Zu den Fragen 28 bis 30:
Es wurden hier keine divergierenden Aussagen gesehen. Die Kapitalzufuhr der Bayerischen Landesbank in der Höhe von 700 Millionen € – wie ich schon ausgeführt habe – war Bedingung in den Verhandlungen und auch in der Stellungnahme. Das war auch die Verhandlungsposition des Finanzministeriums. Der damalige Hauptaktionär, also die Bayerische Landesbank, musste damit einen wesentlichen Eigenbeitrag in der Höhe dieser 700 Millionen € leisten.
Zu den Fragen 31 bis 47:
Jetzt komme ich zu dem ganzen Themenkomplex Verstaatlichung. Ich möchte vorausschicken, dass dieser Themenkomplex bereits Gegenstand vieler umfangreicher, schriftlicher Anfragen war. Ich bitte daher um Verständnis, dass ich das jetzt nicht alles wiederholen kann, denn Sie können ja auch durchaus nachvollziehen, wie und wo damals das eine oder andere, was hier an Auskunft begehrt wurde, beantwortet wurde.

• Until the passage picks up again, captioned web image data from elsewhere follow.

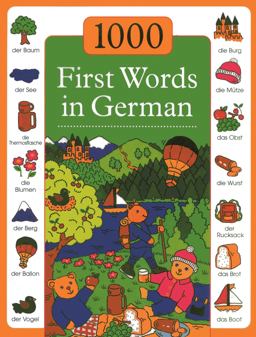 1000 First Words in German  9781843229582 Front Cover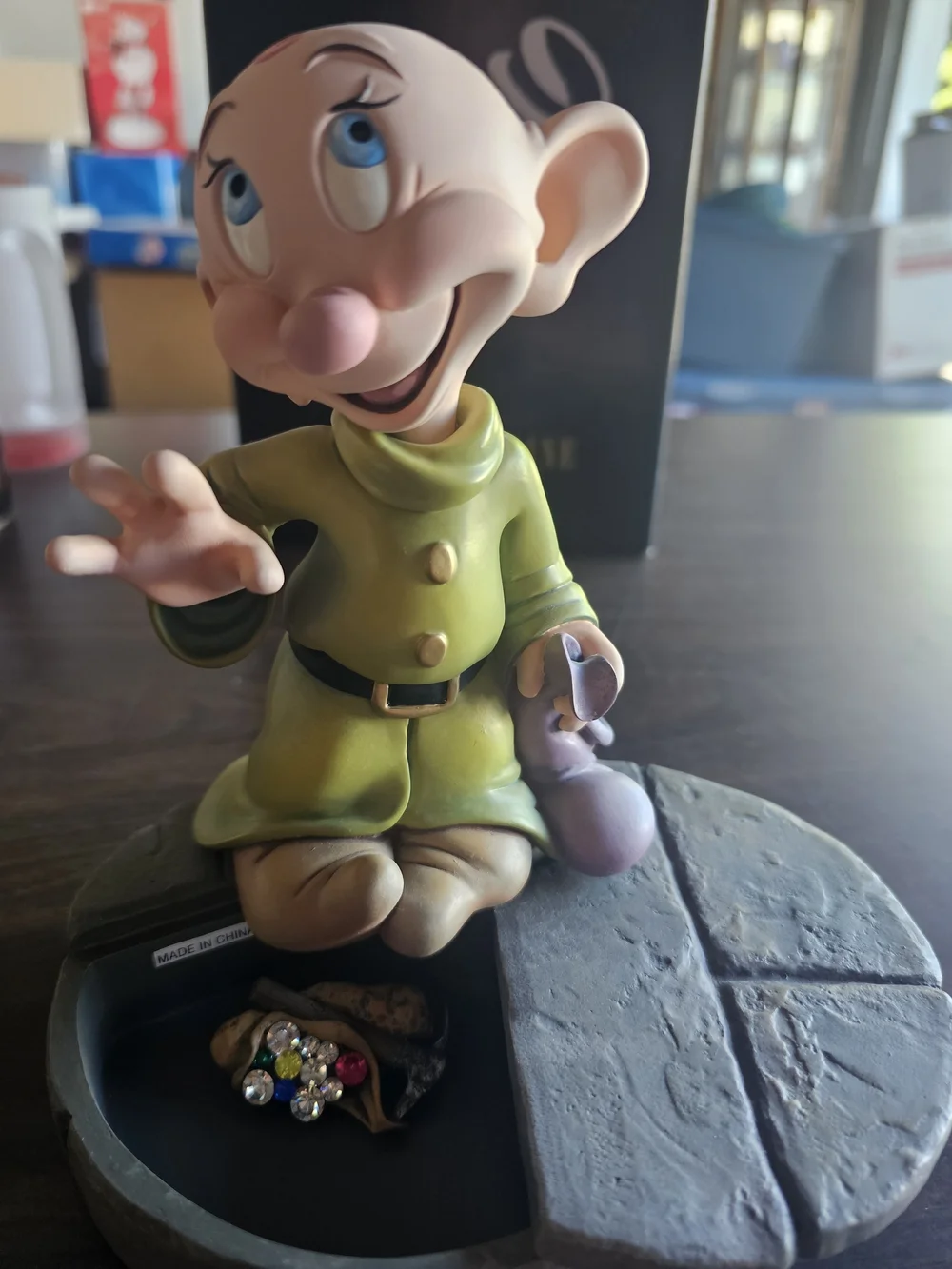 Disney Dopey Resin Figurine - Green 💚💚 Includes Box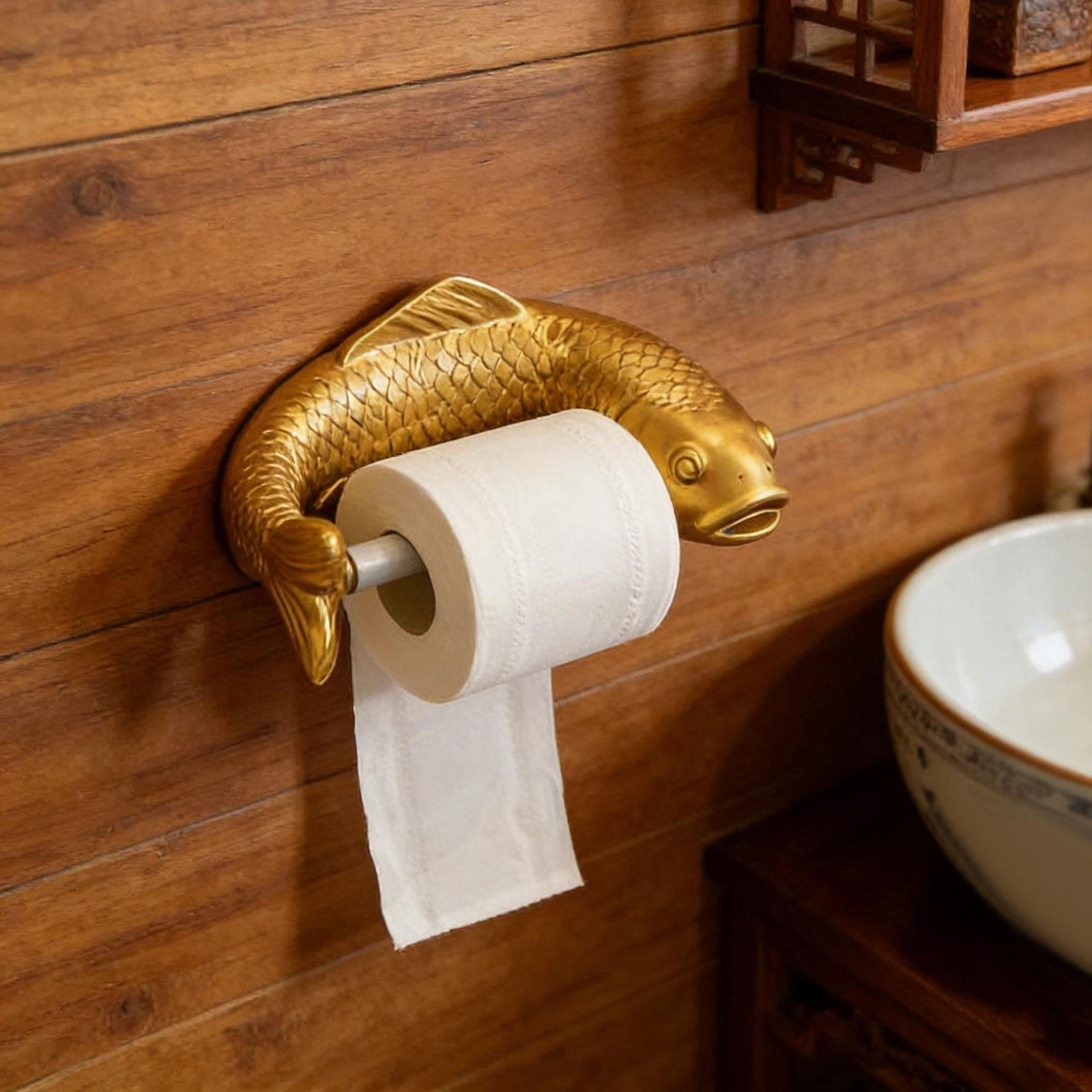

Toilet Paper Roll Holder Wall Mounted No Drill Restroom Organizer Tissue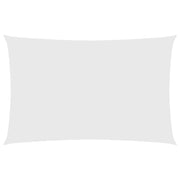 Parasole a vela | Telo Ombra | Vela da ombra Oxford Rettangolare 4x7 m Bianco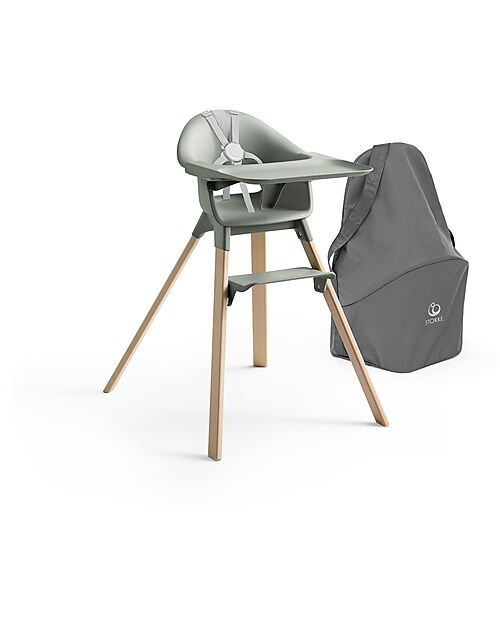 Stokke Seggiolone Clikk - Glacier Green - da 6 Mesi a 3 Anni - Legno Massiccio Seggioloni Pappa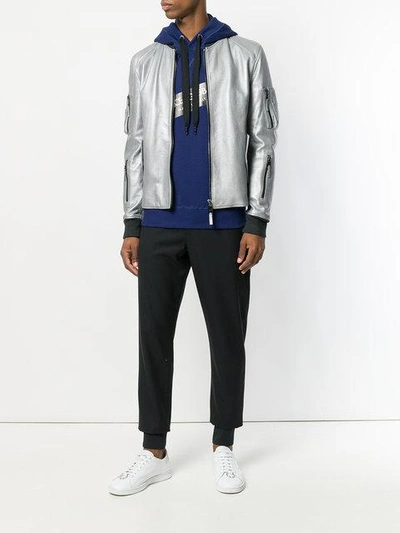 Shop Dolce & Gabbana Zipped Bomber Jacket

Ich möchte an dieser Stelle aber eines noch einmal festhalten: Unter Berücksichtigung des Zeitdrucks in dieser Nacht vom 13. auf den 14. Dezember 2009 wurde unter großen Anstrengungen aller Beteiligten alles unternommen, um ein befriedigendes Ergebnis für die Bank, für die Republik und für den Finanzmarkt Österreich sicherzustellen. (Abg. Mag. Kogler: Was ist dabei herausgekommen?)
Zur Frage 48:
In der Taskforce befinden sich Expertinnen und Experten der Oesterreichischen Nationalbank, der Finanzmarktaufsicht, der FIMBAG, des BMF sowie der beauftragte Koordinator.
Zur den Fragen 49 und 50:
Diesbezüglich gibt es im Bundesministerium für Finanzen keine Hinweise.
Zur Frage 51:
Die Zusammenarbeit seitens des BMF mit der Nationalbank und der FMA erfolgt entlang der gesetzlichen Bestimmungen. Sowohl die Nationalbank als auch die FMA sind aber in Ausübung der ihnen gesetzlich zugewiesenen Aufgaben an keine Weisungen gebunden.
Zur Frage 52:
Die Auflagenkontrolle für Maßnahmen gemäß FinStaG wurde vom Bund an die FIMBAG, also an die Finanzmarktbeteiligung AG übertragen und wird von dieser auch durchgeführt. Diese FIMBAG hat zum zitierten Bericht des Rechnungshofs am 6. März 2012 ausführlich Stellung genommen. Darin wurden bei den Vorwürfen des Rechnungshofs klare Widersprüche aufgezeigt und ausgeführt, dass die FIMBAG der übertragenen Auflagenkontrolle ausreichend nachgekommen ist. (Abg. Mag. Kogler: Der Rechnungshof sieht das anders!) Insbesondere hat die FIMBAG in dieser Stellungnahme ausgeführt, dass Unklarheiten, die im Zuge der Prüftätigkeit erkannt wurden, in direkten Gesprächen zwischen der FIMBAG und den betroffenen Banken zufriedenstellend und auflagenkonform aufgeklärt werden konnten.
Die zur Auflagenkontrolle notwendigen Informationsbeschaffungen erfolgten durch regelmäßige Managementgespräche mit den Banken sowie durch die Prüfung von schriftlichen Unterlagen und Auskünften. Es finden ferner regelmäßig Gespräche mit Bank- und Abschlussprüfern statt.